Hele bir de “Batı tipi sol” adı altında LGBT v.s. gibi hayali eklentiler bu cepheye dâhil edilirse, Saray “100 yıl” rahat edebileceğini düşünüyor.
İmamoğlu oportünizmi Saray’a yarıyor
Tayyip Erdoğan’ın senarist olarak ne istediği belli… Özgür Özel’in sergilediği figüranlık da tam gaz devam ediyor. Ancak üçüncü bir aktör daha var. O da Ekrem İmamoğlu.
Ekrem İmamoğlu, halka güven verecek, dürüst, mert ve mücadeleci bir lider gibi ön plana çıkmaktansa, tıpkı Tayyip gibi gölge oyunları ve gizli kombinasyonlarla bir yere gelmeye çalışıyor.
Halka karşı bir saygısızlık var. CHP içindeki muhalefetin medyaya sızan meşhur “zoom” toplantısı görüntülerinde, toplantıyı yöneten İmamoğlu’ydu. Özgür Özel ise yönetilenlerden biriydi. Yani herkese bir tiyatro da burada izletilmek isteniyor.
Şimdi de Özgür Özel belli ki; CHP Genel Başkanı gibi değil, İstanbul Büyükşehir Belediyesi seçimleri kampanya organizatörü gibi davranıyor. Çünkü bu yeni “Kürtçü” CHP açılımı belki, o da küçük bir ihtimal, bir tek İmamoğlu’nun bir daha seçilmesine hizmet edebilir ama CHP geri kalan her yerde hezimete uğrar. Yani “seçim kazanma” matematiğiyle hiçbir şekilde örtüşmeyen bir kafasızlık söz konusu. PKK açılımı neredeyse AKP’yi bile yıkıyordu. HEDEP ile seçim mi kazanılırmış?
Çok açık yazıyoruz. CHP, yerel seçime HEDEP ile ittifak halinde giderse, Adana, Mersin ve Ankara’yı kesinlikle kaybedecektir. İzmir dahi tehlikeye girebilir. Geçen yerel seçimde İyi Parti ile birlikte kazandığı tüm illeri kaybeden CHP’nin sadece kolu kanadı değil, tüm uzuvları kırılır. “CHP’yi savunmak lazım” diye CHP’nin tüm hatalarına itirazsız itaat isteyenler, bizzat CHP’yi yok ediyorlar.

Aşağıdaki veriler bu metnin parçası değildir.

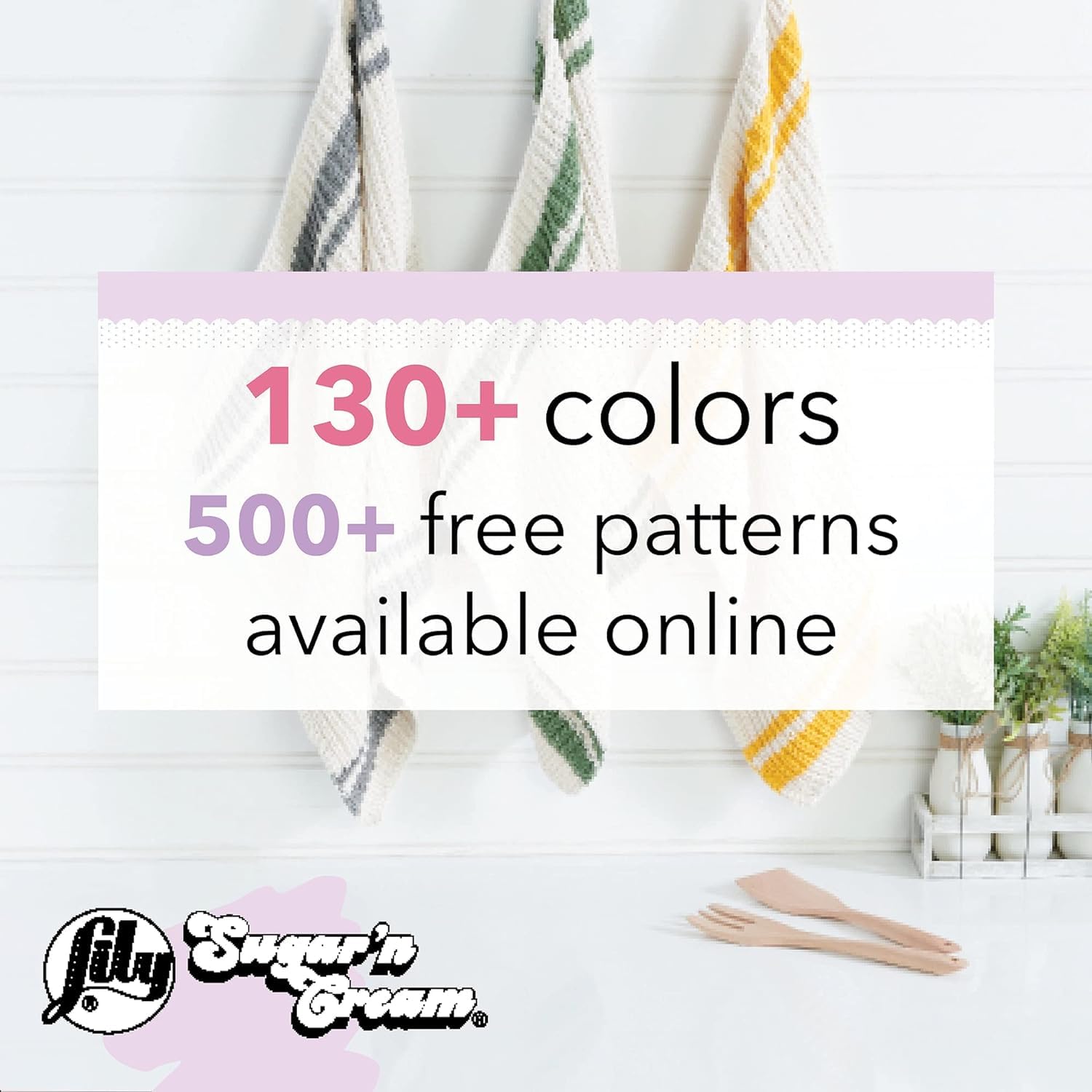 LILY Sugar 'N Cream Yarn - 100% USA Grown Cotton | Worsted Weight | Sage Green | 70.9g 7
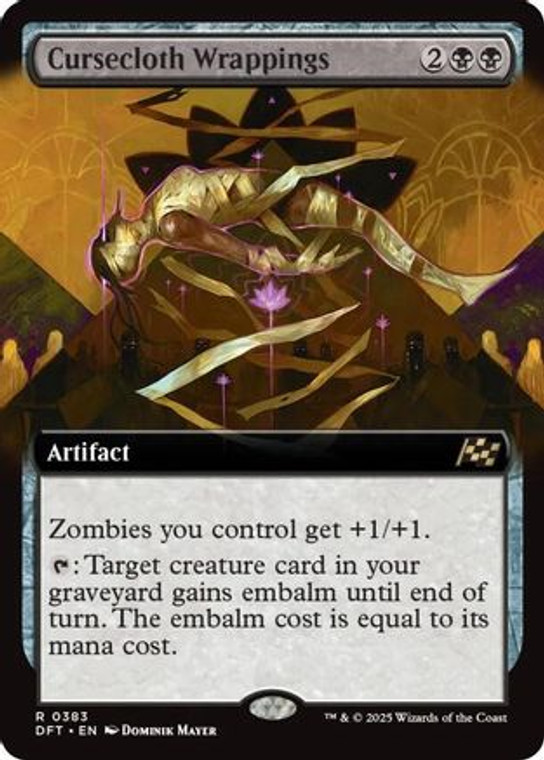 Cursecloth Wrappings (Extended Art) (Foil) [DFT-0383F]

HEDEP ile batağa çekilen, geçen yerel seçimlerde kazandığı tüm illeri kaybeden bir CHP, Ekrem İmamoğlu İstanbul’u kazansa bile neye yarar? Belki İmamoğlu’na yarar. Gider, bu düzeye düşürülmüş bir CHP’yi, “son kurtarıcı” olarak rahatlıkla teslim alır.
İmamoğlu klasik bir oportünist gibi davranıyor ve Tayyip gibi kurnazlıkla başarılı olacağını hayal ediyor. Ancak bu tür bir siyasal oportünizmin gerçek kazananı yine asıl oyun kurucu konumundaki Tayyip olur.
Saray, İmamoğlu’nu emri altındaki bir mahkemenin “siyasi yasak” kararıyla saf dışı edebilirdi. Ancak bu ileride İmamoğlu’nun mağdur ve kahraman lider olarak daha da güçlü karşısına çıkmasına yol açabilirdi. Ancak Saray’ın planı hem CHP’ye HEDEP’i yamamak, hem de İmamoğlu’nu “PKK’nın adayı” diyerek sandıkta ezmek. İmamoğlu ayak oyunu neymiş o zaman görür.
Eğer önümüzdeki süreçte yaşanacak bu rezilliklere karşı çıktığınızda herhangi bir gafil çıkıp sizi “CHP düşmanlığı” ile suçlarsa; mutlaka gerçeği onların suratına çarpın: HEDEP ile CHP’yi bir araya getirmeye çalışan herkes Saray ajanıdır, Atatürk düşmanıdır ve nihayetinde en büyük CHP düşmanıdır.